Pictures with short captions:
Segment Open

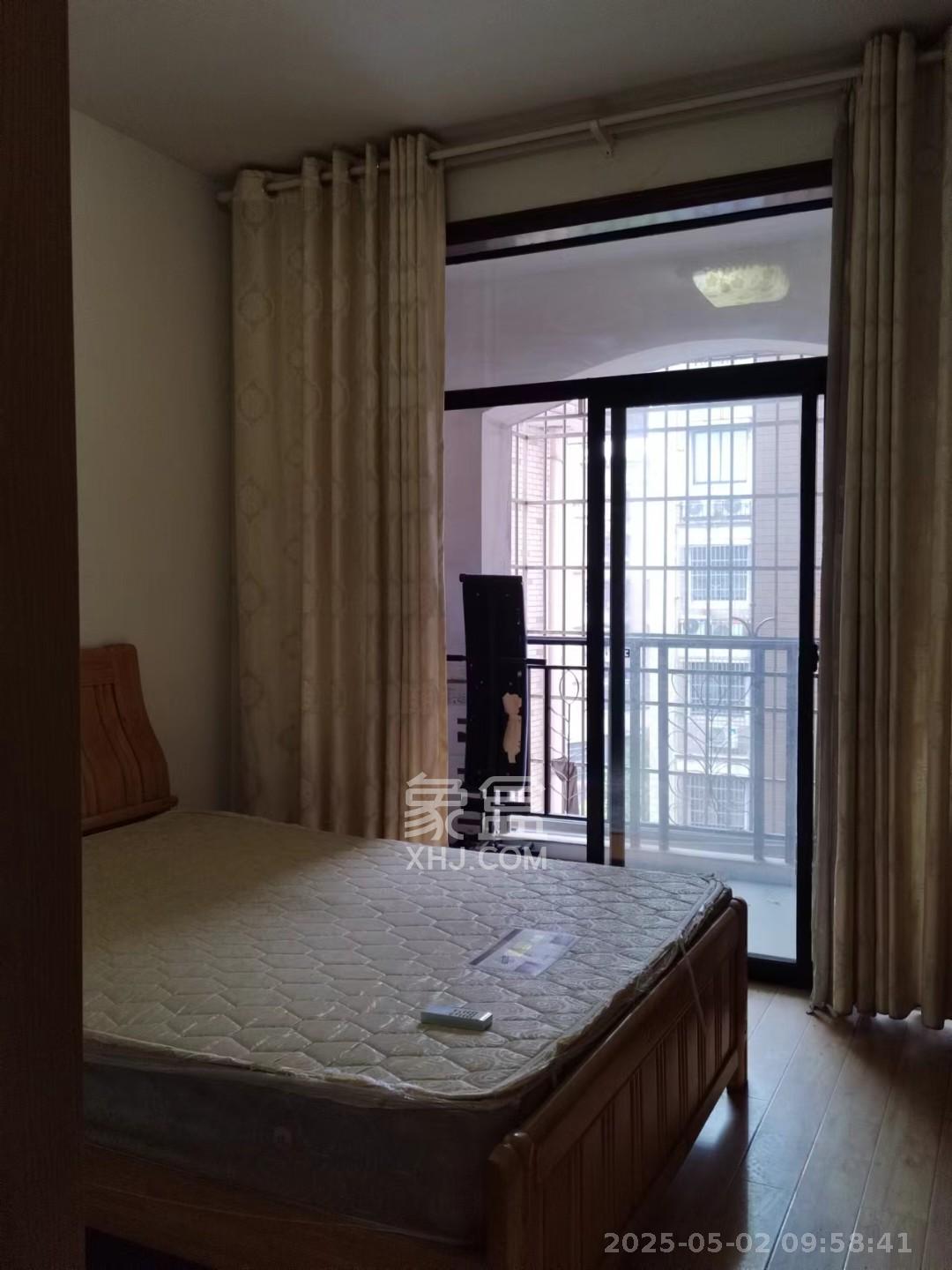 红旗新村  3室2厅2卫   1000.00元/月室内图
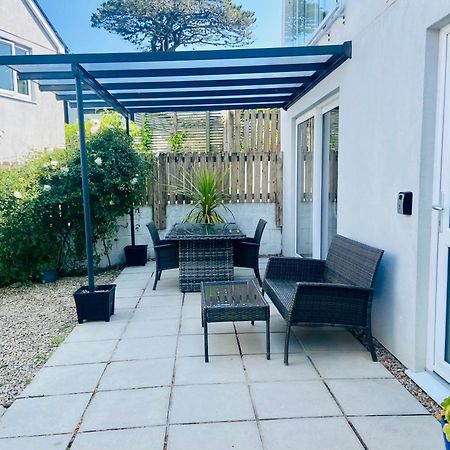 Above The Bay - Enclosed Garden Apartment With Parking Penzance Exterior foto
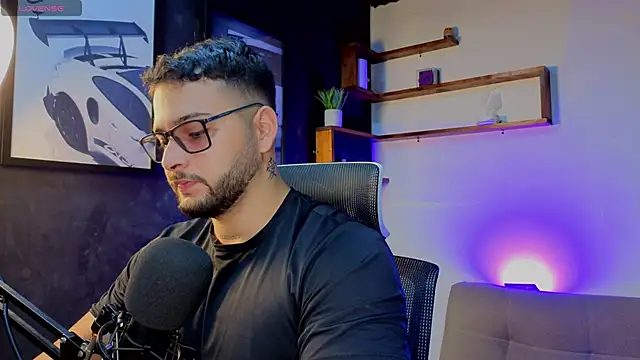 Andrew Brown online show from October 2025 03:47:02 PM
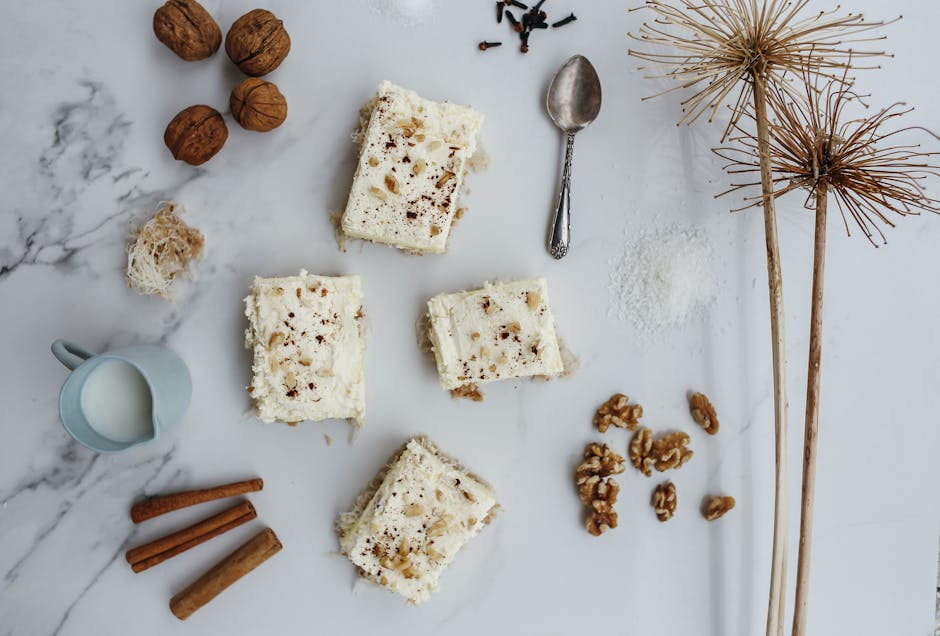 Kremostkaker med nøttebunn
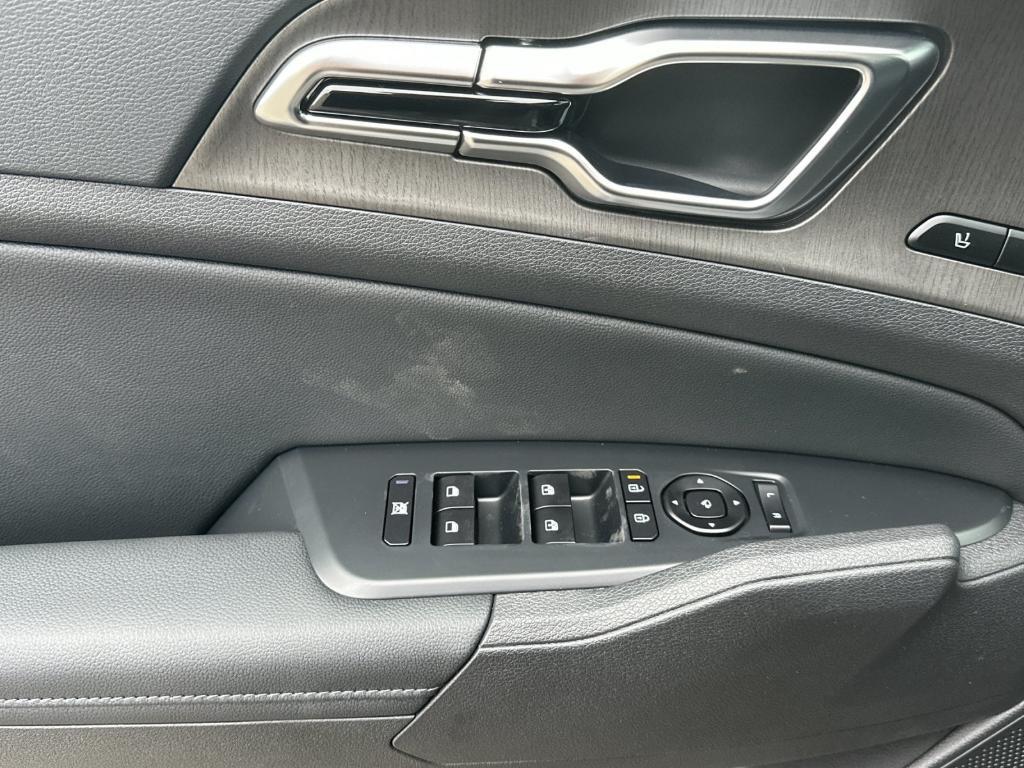 new 2026 Kia Sportage Plug-In Hybrid car, priced at $49,850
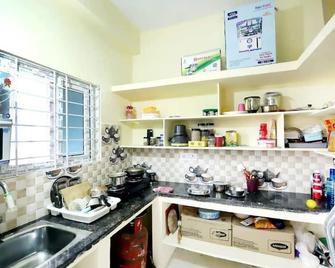 Sn301-Fully Furnished 1bhk Ac,tv,300mbps@suchitra - 海得拉巴 - 厨房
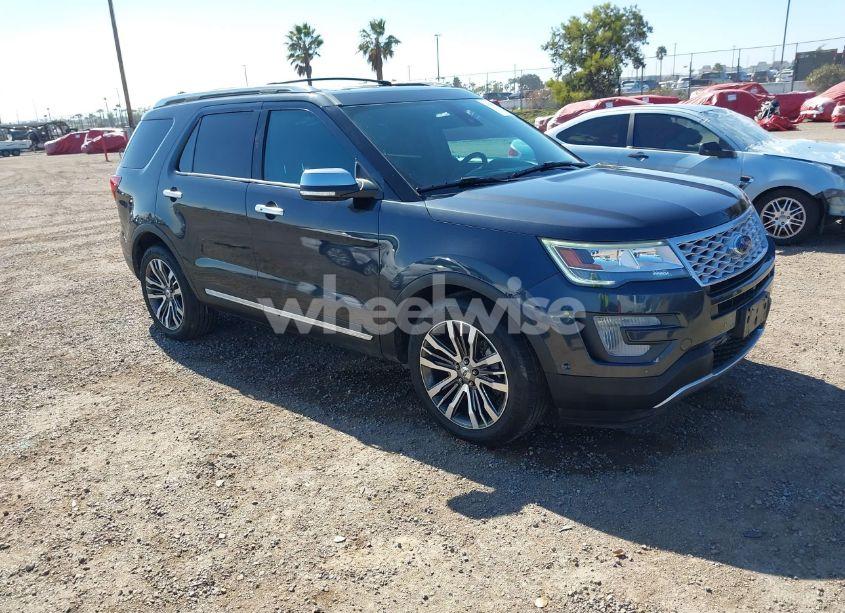2017 Ford Explorer PLATINUM (VIN 1FM5K8HT0HGE29280) main photo
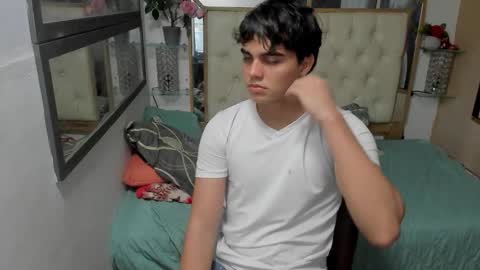 Snapshot of heiker_ chatting on 20, 10, 2025 heiker_ online show from 20, 10, 2025
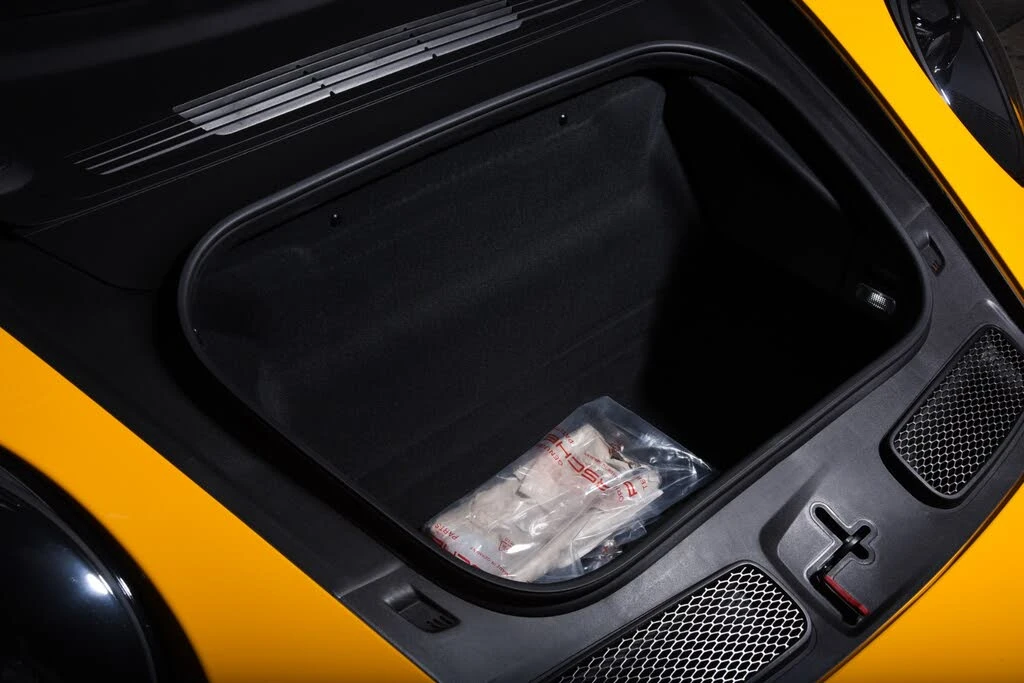 2022 Porsche 992 GT3 Touring - Image 31 of 31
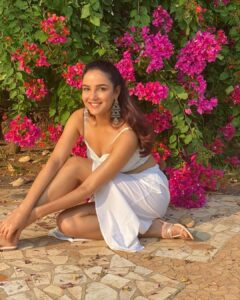 Jasmin Bhasin Instagram - They say if you dream a thing more than once , it’s sure to come true 🌸 #JB #JasminBhasin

Segment Closed

TASK OBJECTIVE: Apart from the pictures, which are to be omitted, every record must be transcribed exactly.

WRITTEN ANSWER:
 红旗新村  3室2厅2卫   1000.00元/月室内图
 Above The Bay - Enclosed Garden Apartment With Parking Penzance Exterior foto
 Andrew Brown online show from October 2025 03:47:02 PM
 Kremostkaker med nøttebunn
 new 2026 Kia Sportage Plug-In Hybrid car, priced at $49,850
 Sn301-Fully Furnished 1bhk Ac,tv,300mbps@suchitra - 海得拉巴 - 厨房
2017 Ford Explorer PLATINUM (VIN 1FM5K8HT0HGE29280) main photo
 Snapshot of heiker_ chatting on 20, 10, 2025 heiker_ online show from 20, 10, 2025
 2022 Porsche 992 GT3 Touring - Image 31 of 31
 Jasmin Bhasin Instagram - They say if you dream a thing more than once , it’s sure to come true 🌸 #JB #JasminBhasin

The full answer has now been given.